Create an email proof format
It is very likely that you will end up sending your CV via email to most companies. Apart from having a Word document ready to go as an attachment, you should also have a text version of your CV that does not look disfigured in the body of the email or in online forms. Attachments might get blocked by spam filters, and many people just prefer having the CV in the body of the email itself.
Remove your older work experiences
If you have been working for 20 years or more, there is no need to have 2 pages of your CV listing all your work experiences, starting with the job at the local coffee shop at the age of 17! Most experts agree that the last 15 years of your career are enough.
No fancy design details
Do not use a colored background, fancy fonts or images on your CV. Sure, you might think that the little flowers will cheer up the document, but other people might just throw it away on sight.

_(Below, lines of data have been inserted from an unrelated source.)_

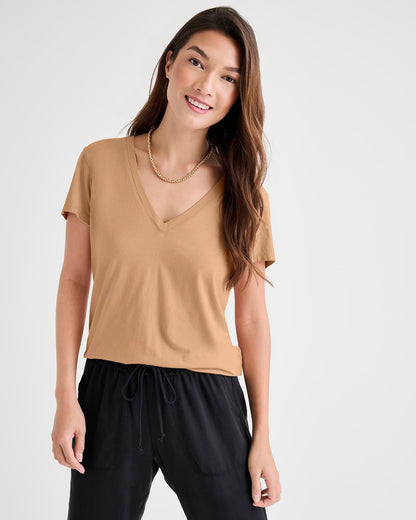 Kate V-Neck Tee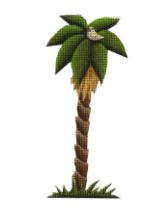 Mini Nativity - Palm Tree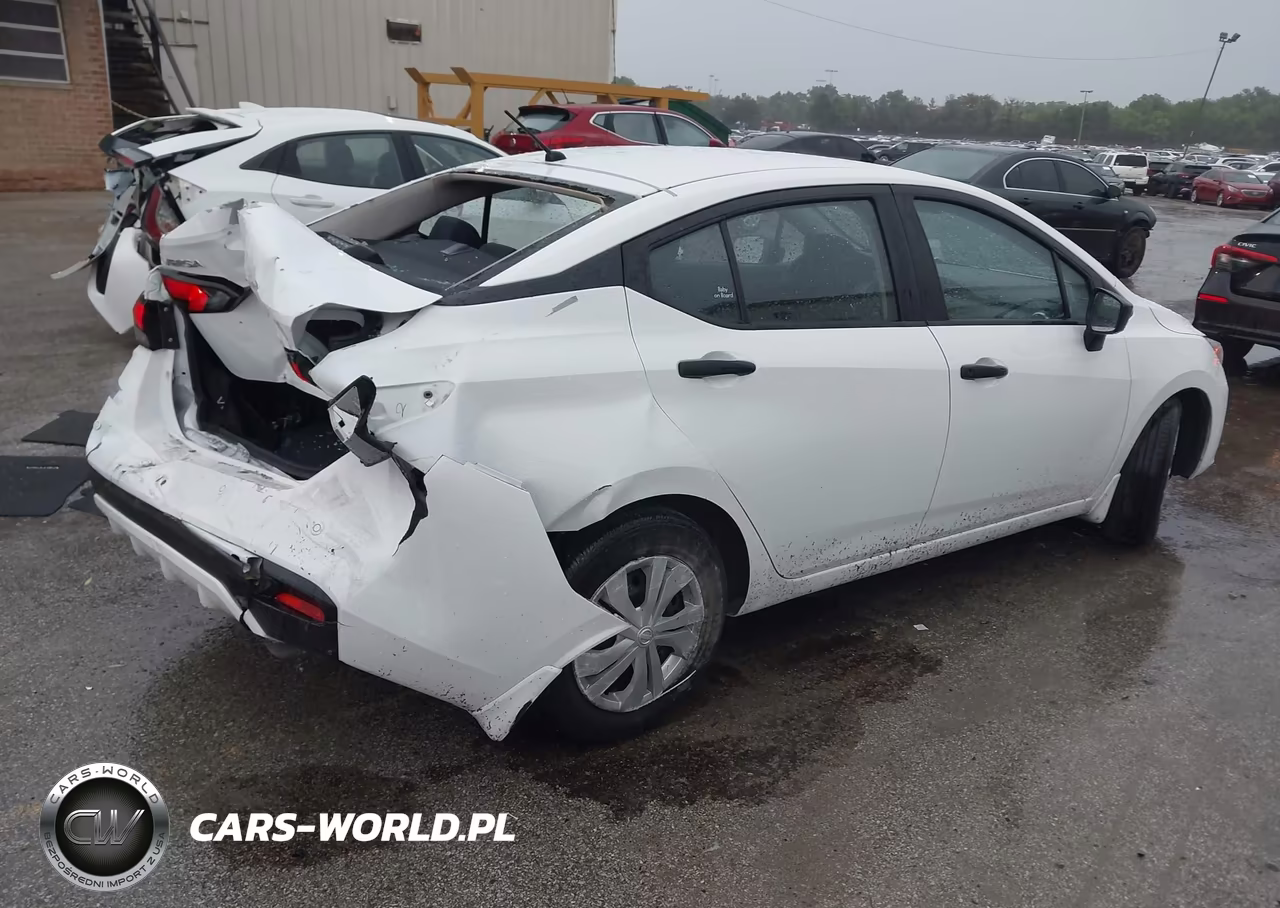 2024 Nissan Versa 1.6 S VIN:3N1CN8DV0RL916179 - 4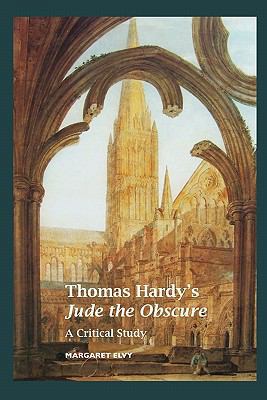 Thomas Hardy's Jude the Obscure: A Critical Study 1861712863 Book Cover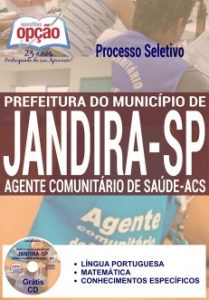 Baixar Apostila Processo Seletivo Jandira SP 2016: AGENTE COMUNITÁRIO DE SAÚDE pdf, epub, eBook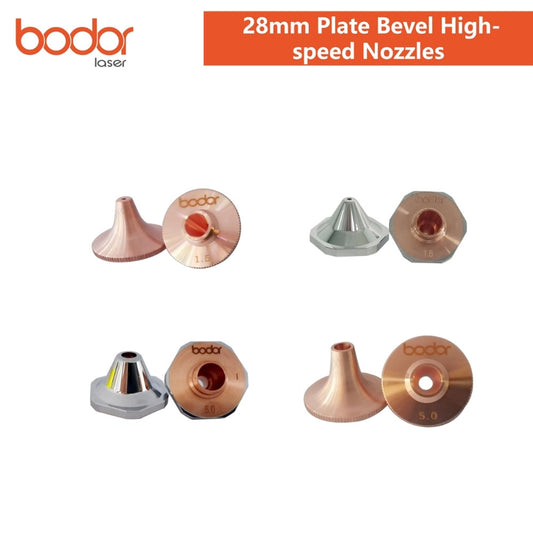 Bodor Original 28mm Plate Bevel High-speed Nozzles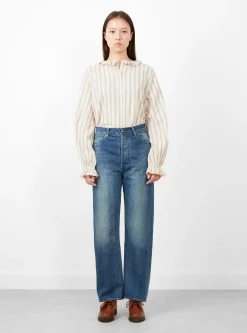 Selvedge Denim Monroe Cut Medium Wash<Chimala Fashion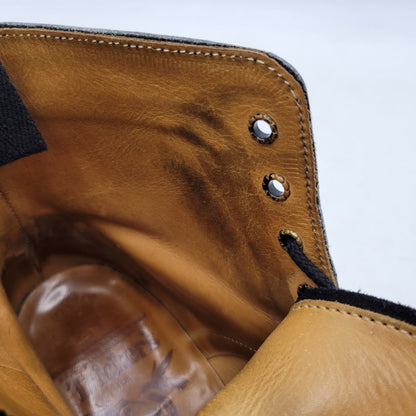 【中古品】【メンズ】 MALTON BOOTS M2508 モールトン ブーツ シューズ 靴 164-260401-as-02-izu サイズ：7 カラー：ブラック 万代Net店
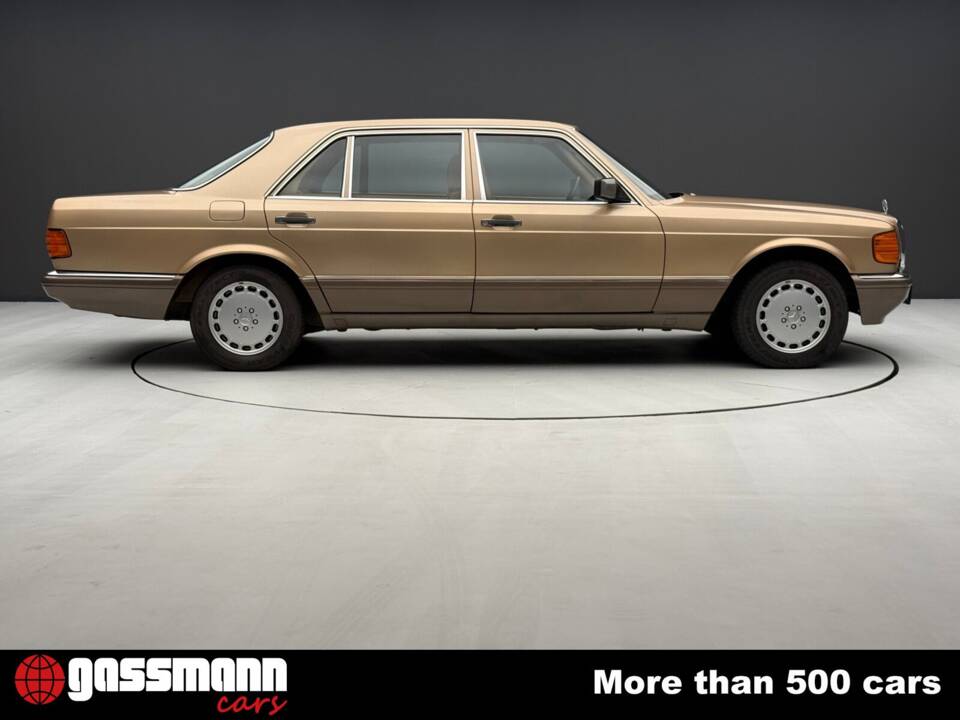 Image 5/15 of Mercedes-Benz 420 SEL (1986)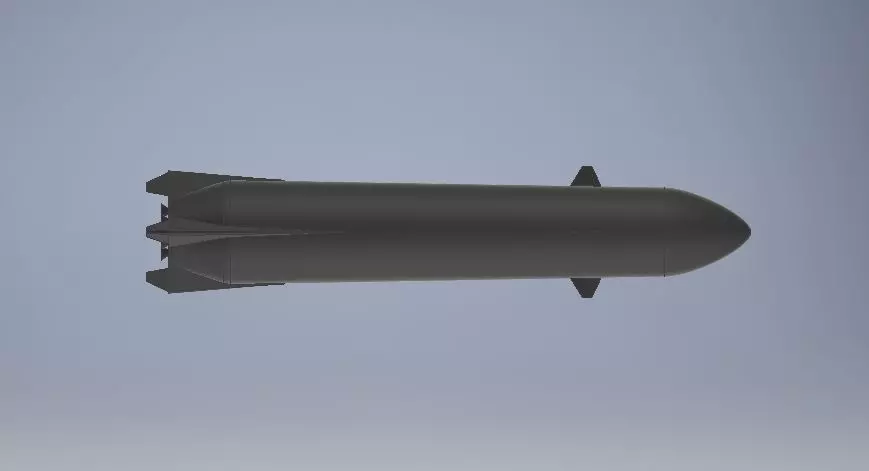 Rocket Lab Neutron Model 3D print model_0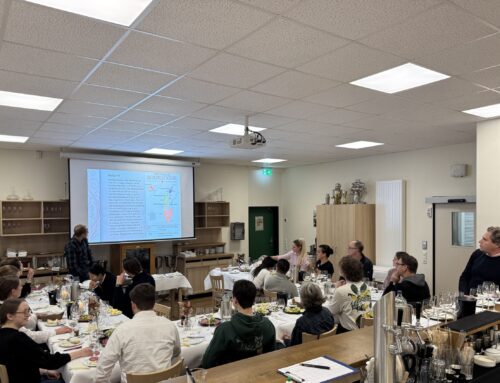 Weinschulung – Frankreich!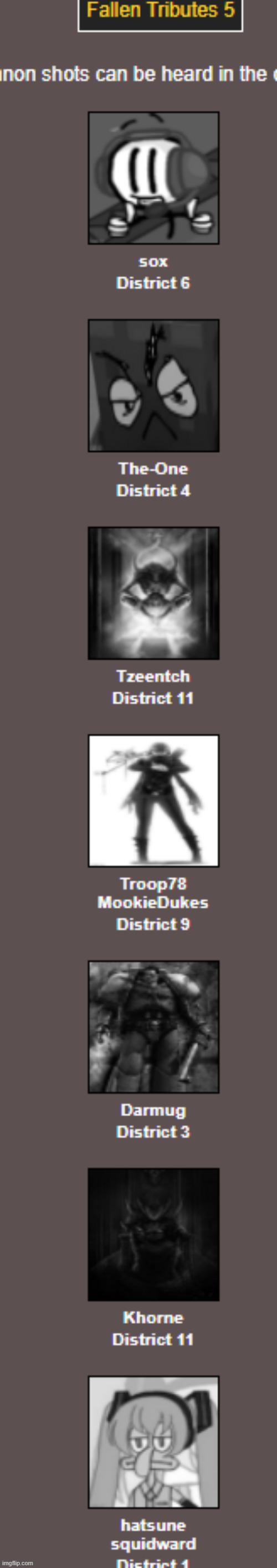Press F | image tagged in hunger games | made w/ Imgflip meme maker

You CV should not contain the pronouns “I” or “me.” That is how we normally structure sentences, but since your CV is a document about your person, using these pronouns is actually redundant.
Don’t forget the basics
The first thing on your CV should be your name. It should be bold and with a larger font than the rest of the text. Make sure that your contact details are clearly listed. Secondly, both the name and contact details should be included on all the pages of the CV (if you have more than one).
Consider getting professional help
If you are having a hard time to create your CV, or if you are receiving no response whatsoever from companies, you could consider hiring a professional CV writing service. There are both local and online options available and usually the investment will be worth the money.